The line with "2Pcs Fashion Canvas" marks the start; please set it down along with all later lines through the end of the material, exactly, leaving out pictures.
### Recorded information ###
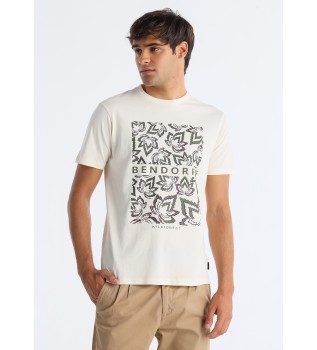 Graphic T-shirt beige leaves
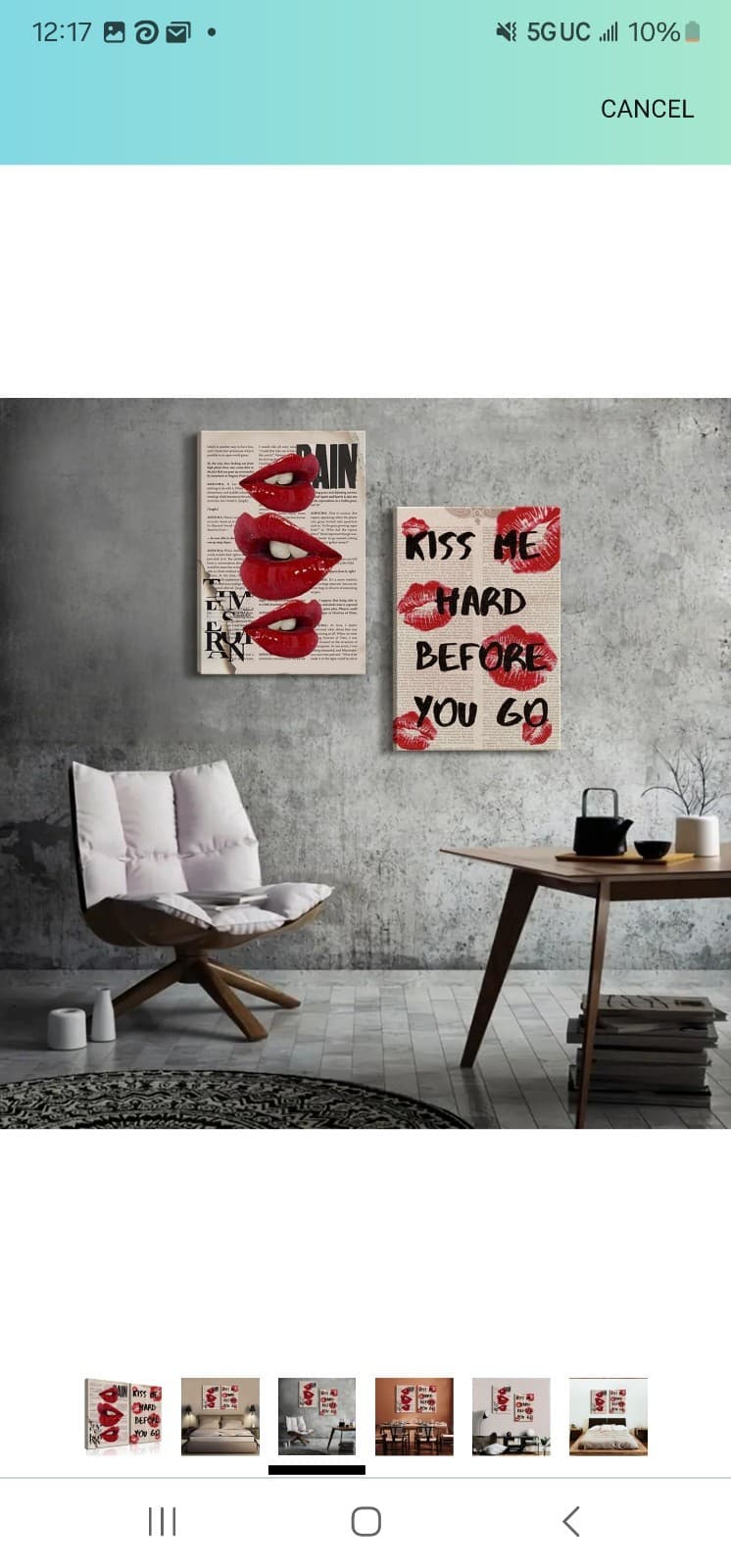 2Pcs Fashion Canvas Wall Art Trendy Preppy Wall Decor Funky Red Lips - Image 1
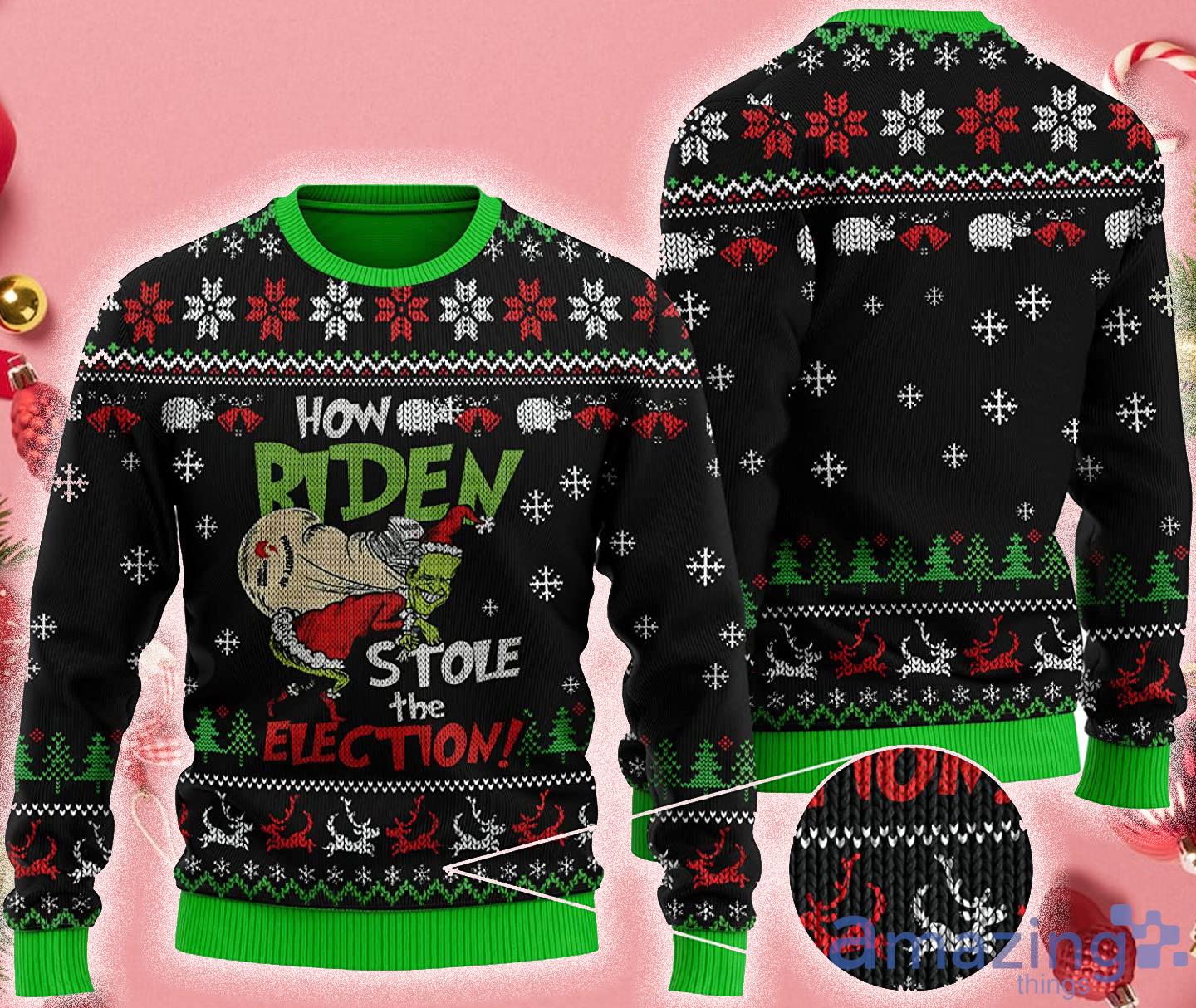 How Biden Stole The Election Funny Ugly Christmas Sweater Product Photo 1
###
• _Response below_:
 2Pcs Fashion Canvas Wall Art Trendy Preppy Wall Decor Funky Red Lips - Image 1
 How Biden Stole The Election Funny Ugly Christmas Sweater Product Photo 1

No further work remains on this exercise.